Instructions for the task:
Output only the lines from the line holding "Goodyear - EAGLE F1 SUPERCAR" through the close of the records, exactly as they appear, with all pictures omitted.

_____

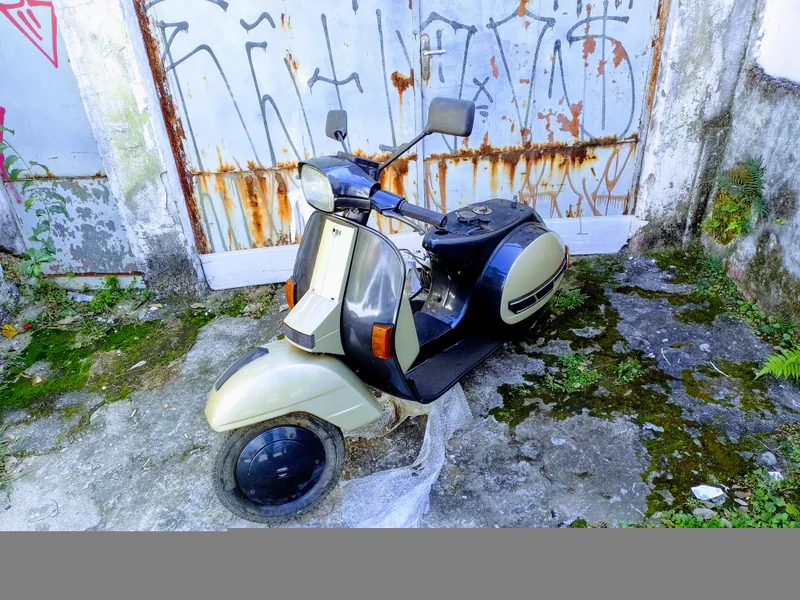 1988 Piaggio Vespa Px200 in Mogi Das Cruzes 2
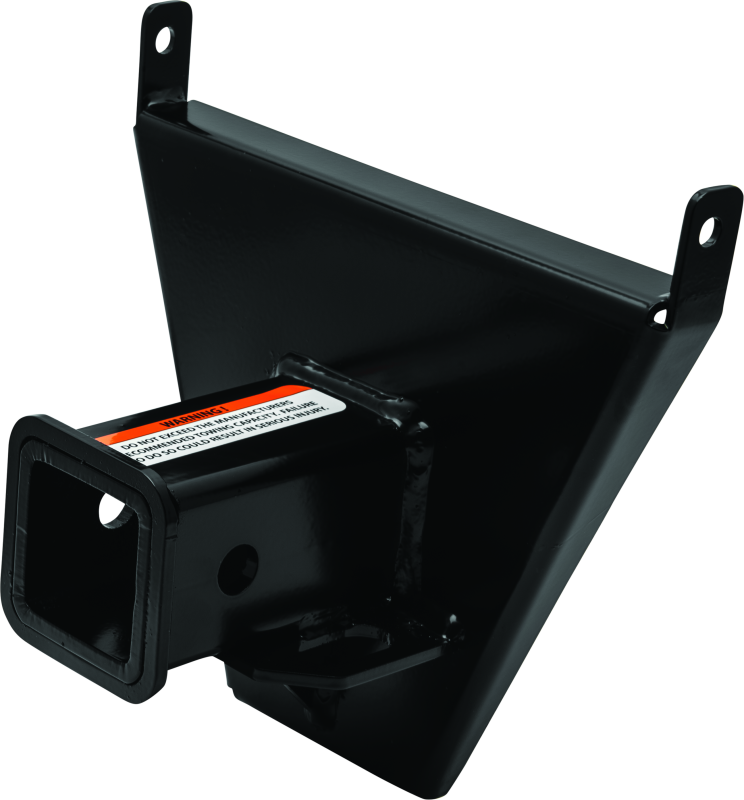 QuadBoss 2020 Honda TRX520 FourTrax Foreman 4x4 2in ATV Rear Receiver Hitch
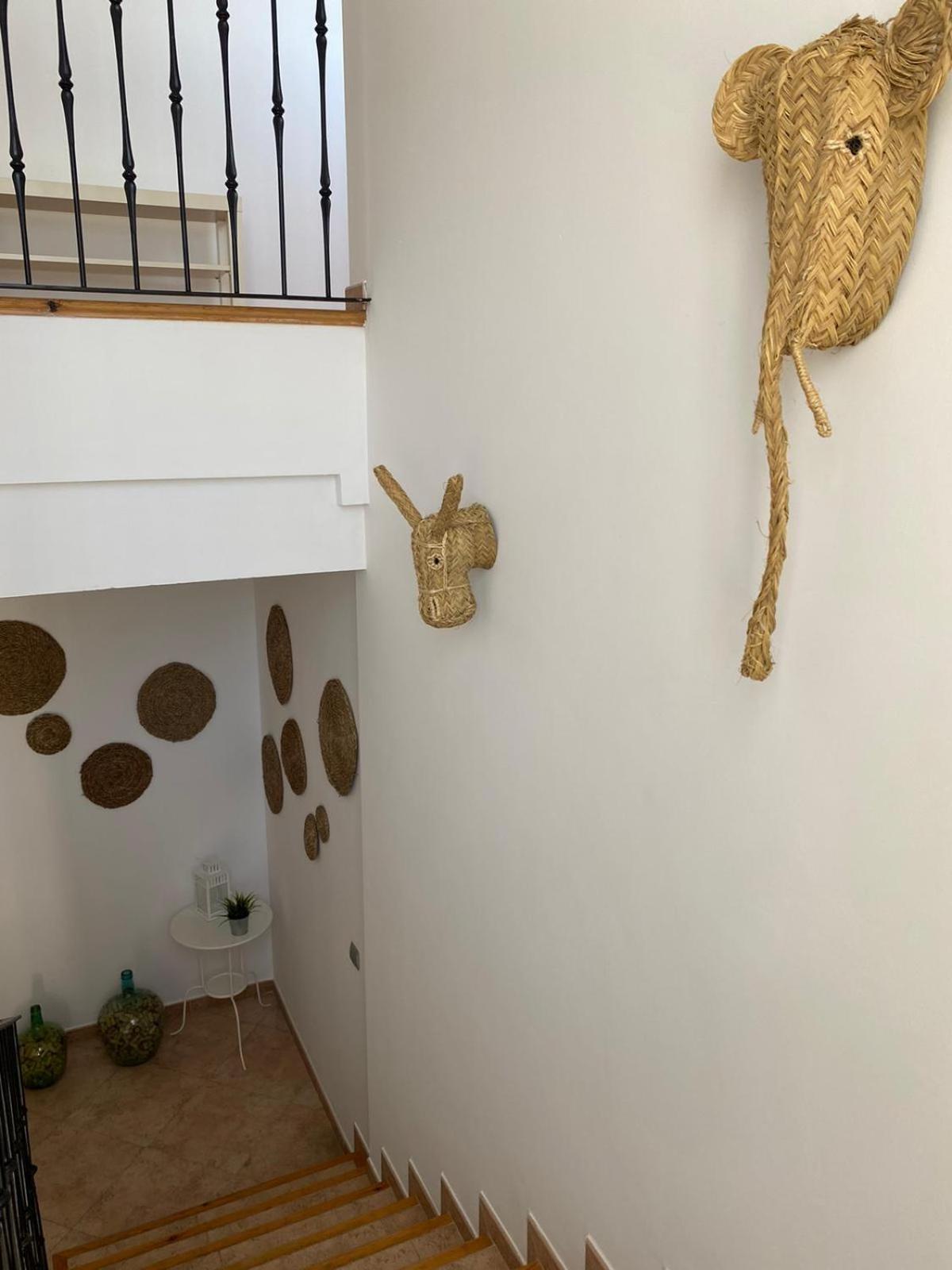 Hostal Espai Mediterrani Пуэбла-де-Вальбона Экстерьер фото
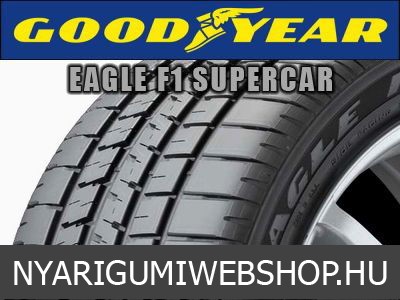 Goodyear - EAGLE F1 SUPERCAR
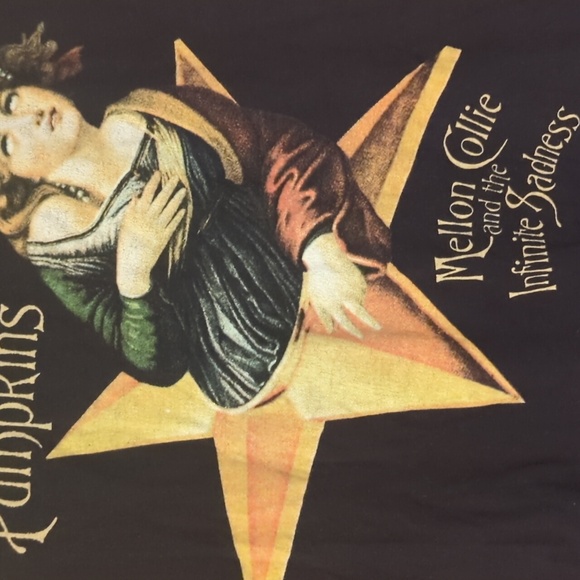 The Smashing Pumpkins graphic tee - Picture 5 of 7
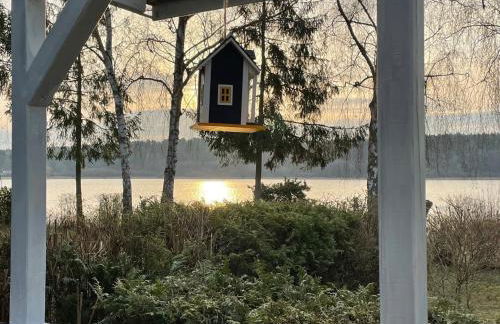 Vogtis Ferienhaus am Glammsee - Foto 5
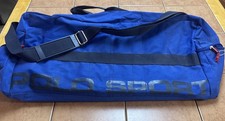 Vintage Ralph Lauren Polo Sport  Gym Travel Duffle Bag Y2K picture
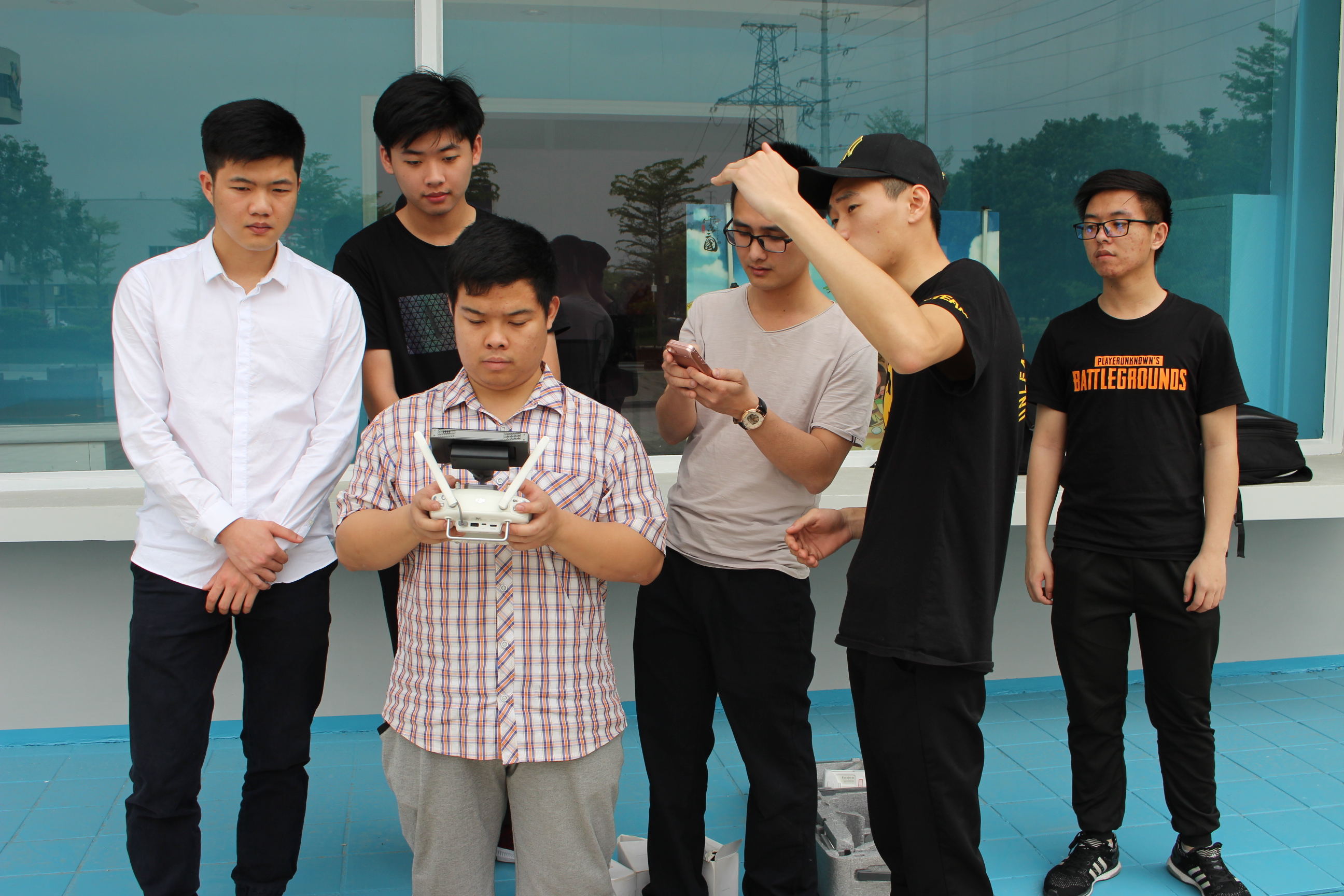 异能无人机航拍课第二期之《云端的秘密》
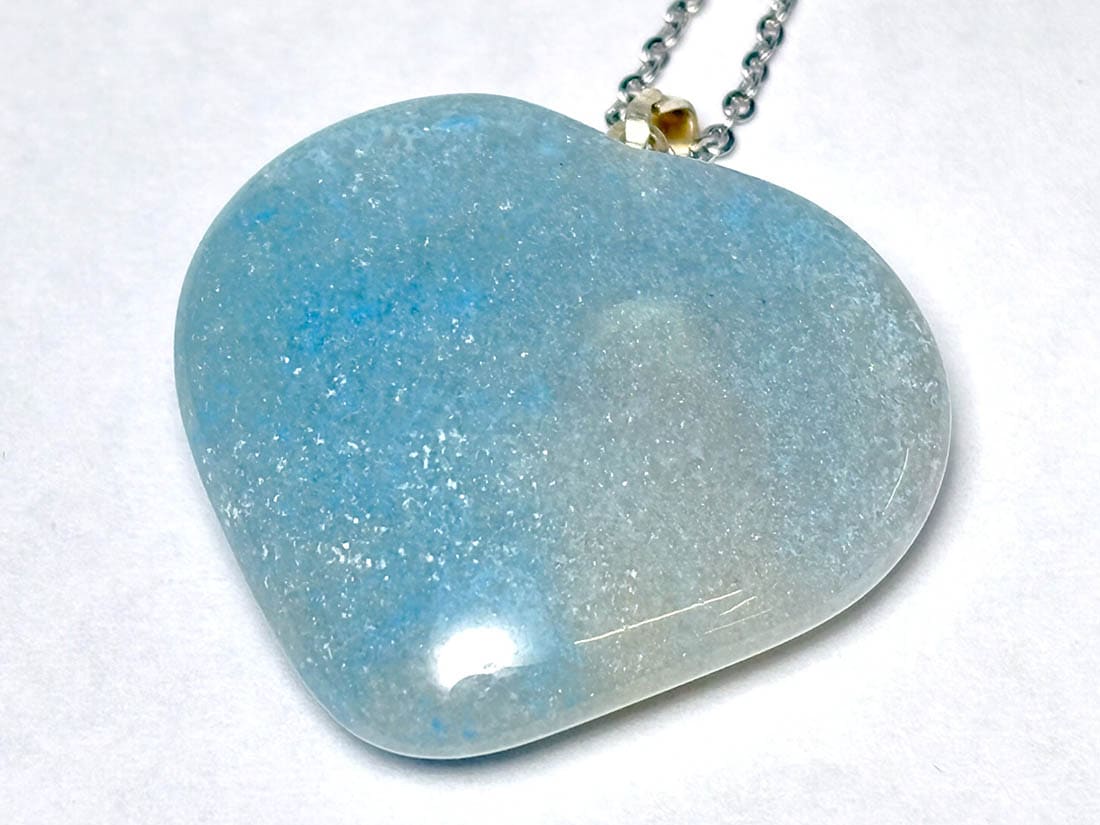 ブラジル産 トロレアイト ペンダントトップ / Trolleite Pendant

_____

Output below:
 Goodyear - EAGLE F1 SUPERCAR
 The Smashing Pumpkins graphic tee - Picture 5 of 7
 Vogtis Ferienhaus am Glammsee - Foto 5
 Vintage Ralph Lauren Polo Sport  Gym Travel Duffle Bag Y2K picture
 异能无人机航拍课第二期之《云端的秘密》
 ブラジル産 トロレアイト ペンダントトップ / Trolleite Pendant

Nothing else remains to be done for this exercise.